§ **EXERCISE REQUIREMENTS**
Only the lines from the one containing "alquilar apartamento en La Fosca" to the end of the data should be copied, exactly and without pictures.

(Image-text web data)

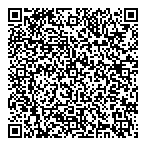 Chaine De Travail Adapte QR Card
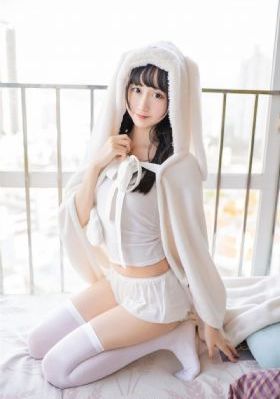 飘雪影院观看免费完整版高清_BD韩语高清视频播放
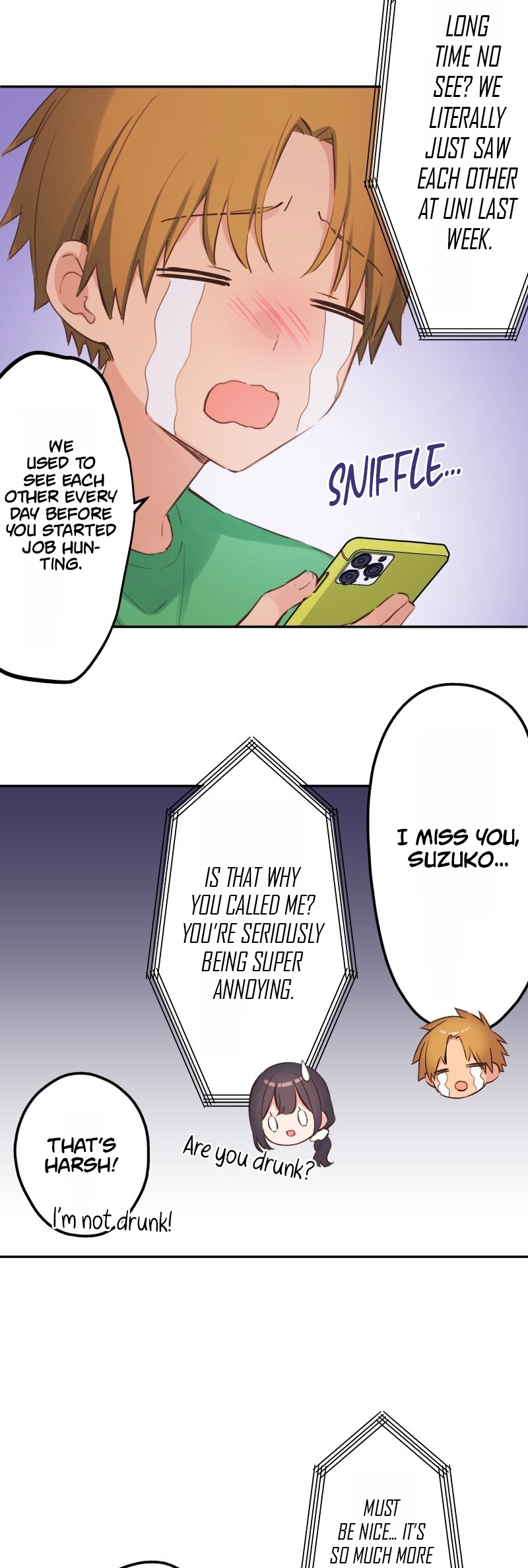 ページ 21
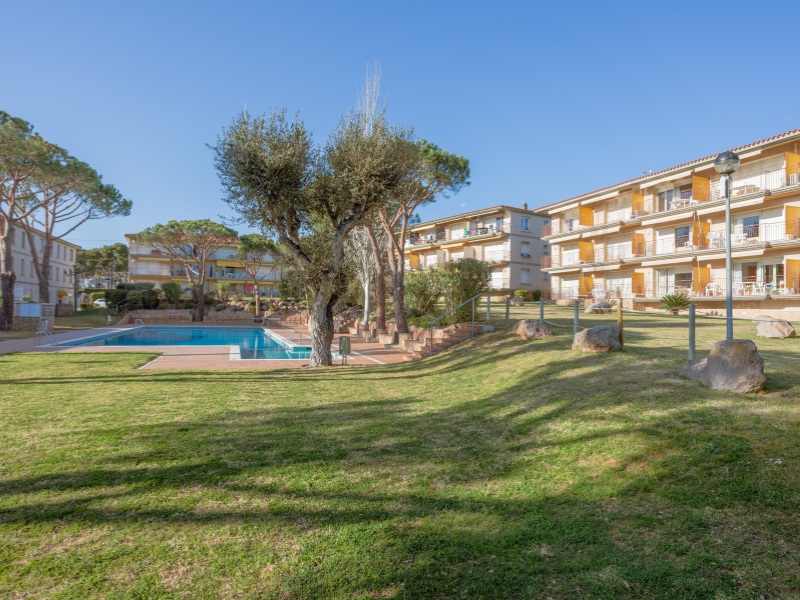 alquilar apartamento en La Fosca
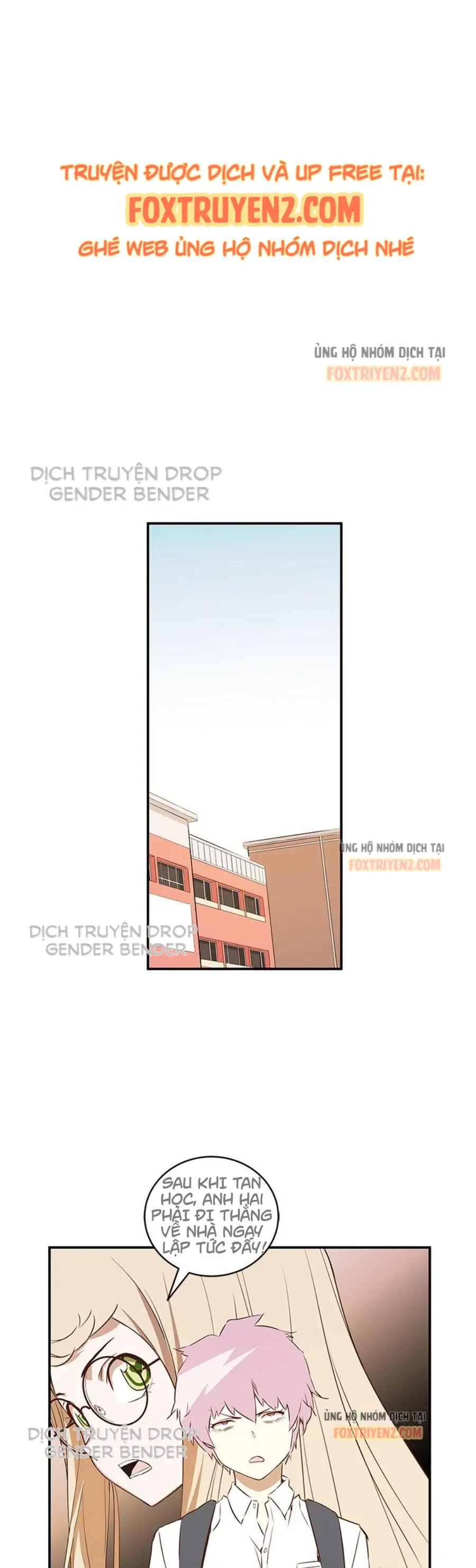 Magical Change Chap 4.4 - Next Chap 5.4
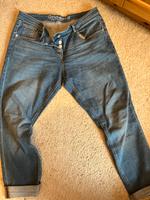 Boyfriend Jeans 46 von Gina Niedersachsen - Garbsen Vorschau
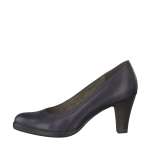 náhled Dámská obuv TAMARIS 1-1-22471-29 NAVY 805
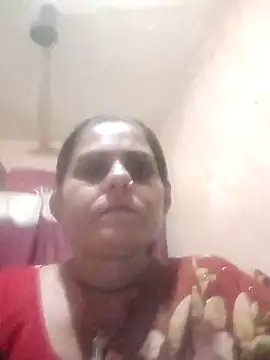 Snapshot of Hot_rachnasexy chatting on April 2026 05:41:02 PM Hot rachnasexy online show from April 2026 05:41:02 PM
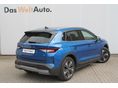 SKODA ELROQ 2025/2 - 3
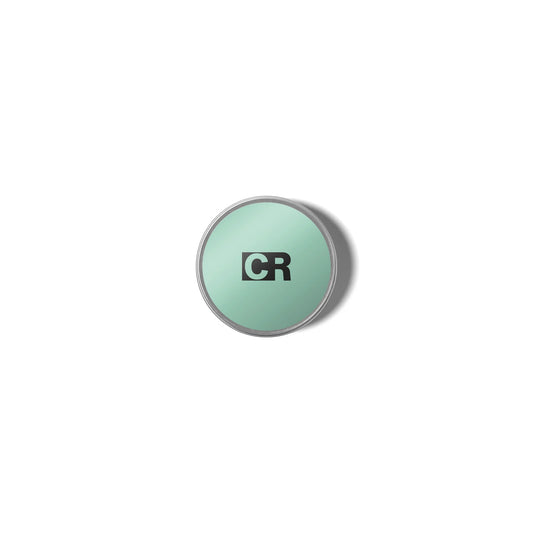 Repair balm Vegan | Chalk rebels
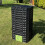 Selections 500 Litre Plastic Garden Composter (65cm x 120cm) 2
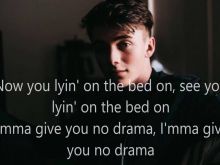 Greyson Chance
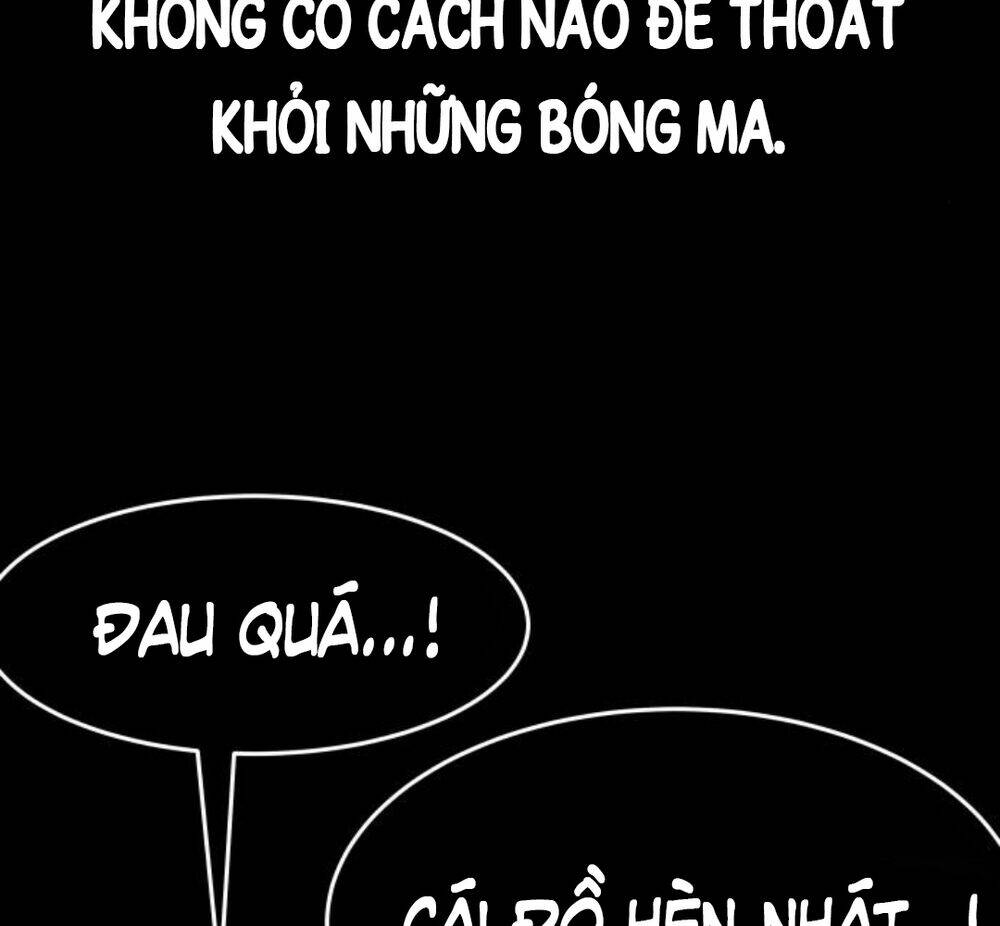 Kẻ Đa Tài - Chapter 22 - Page 234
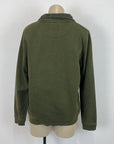 Country Road Crewneck - 16
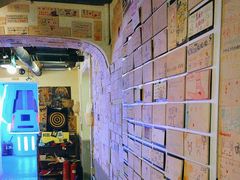 -203密室逃脱(朝阳大悦城1店)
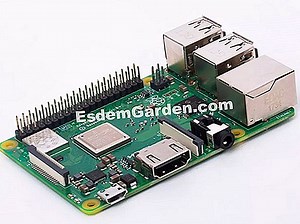 Kako stvoriti vrtni potok? 🌿 Sve O Vrtu I Vrt Dizajn - 2025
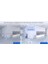 Ruıjıe Reyee RG-RAP1260 AX3000 Wıfı6 Duvar Tipi Access Poınt 5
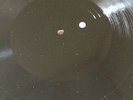 Jah Clive - Rambo DUBPLATE CUT  DIGI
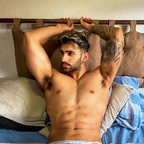 facundoantunes1 (Facundo Antunes) free OnlyFans content [NEW] profile picture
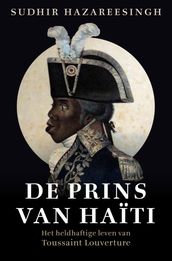 De prins van Haïti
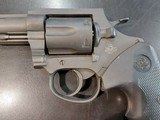 ROCK ISLAND ARMORY M200 - 38 SPECIAL .38 SPL - 3 of 3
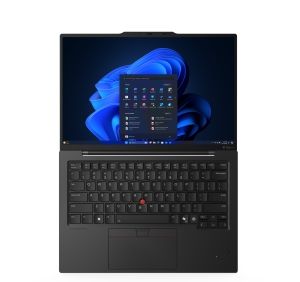 Lenovo ThinkPad X1 Carbon G13 Aura Edition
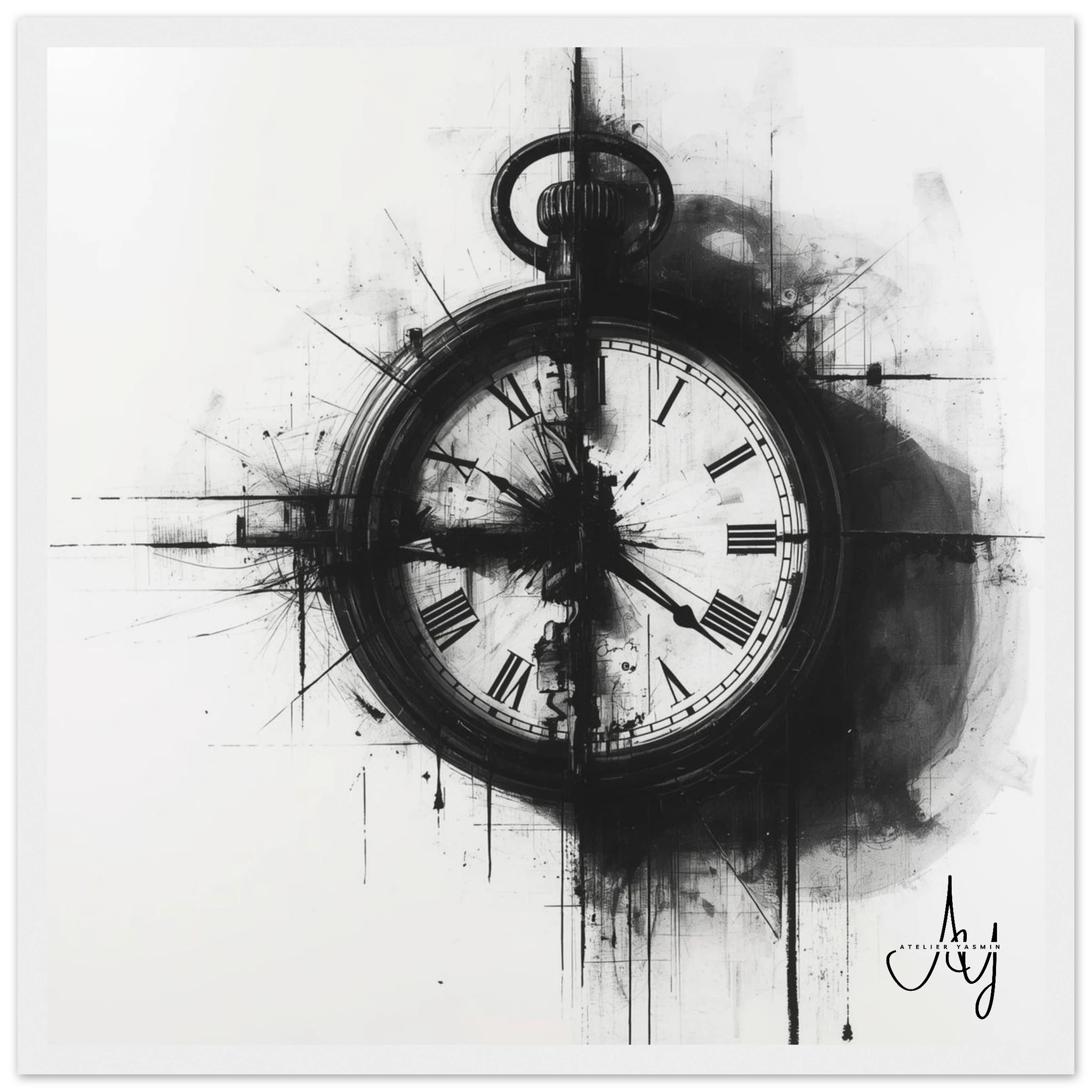 157cda57-120f-44fa-bfdd-1e7d6f18c42a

§ **TASK RESULT**
 alquilar apartamento en La Fosca
 Magical Change Chap 4.4 - Next Chap 5.4
 Boyfriend Jeans 46 von Gina Niedersachsen - Garbsen Vorschau
 náhled Dámská obuv TAMARIS 1-1-22471-29 NAVY 805
 Snapshot of Hot_rachnasexy chatting on April 2026 05:41:02 PM Hot rachnasexy online show from April 2026 05:41:02 PM
 SKODA ELROQ 2025/2 - 3
 Repair balm Vegan | Chalk rebels
 Selections 500 Litre Plastic Garden Composter (65cm x 120cm) 2
 Greyson Chance
 Kẻ Đa Tài - Chapter 22 - Page 234
 Country Road Crewneck - 16
 -203密室逃脱(朝阳大悦城1店)
 Kako stvoriti vrtni potok? 🌿 Sve O Vrtu I Vrt Dizajn - 2025
 Ruıjıe Reyee RG-RAP1260 AX3000 Wıfı6 Duvar Tipi Access Poınt 5
 Jah Clive - Rambo DUBPLATE CUT  DIGI
 facundoantunes1 (Facundo Antunes) free OnlyFans content [NEW] profile picture
 De prins van Haïti
 ROCK ISLAND ARMORY M200 - 38 SPECIAL .38 SPL - 3 of 3
 Lenovo ThinkPad X1 Carbon G13 Aura Edition
 157cda57-120f-44fa-bfdd-1e7d6f18c42a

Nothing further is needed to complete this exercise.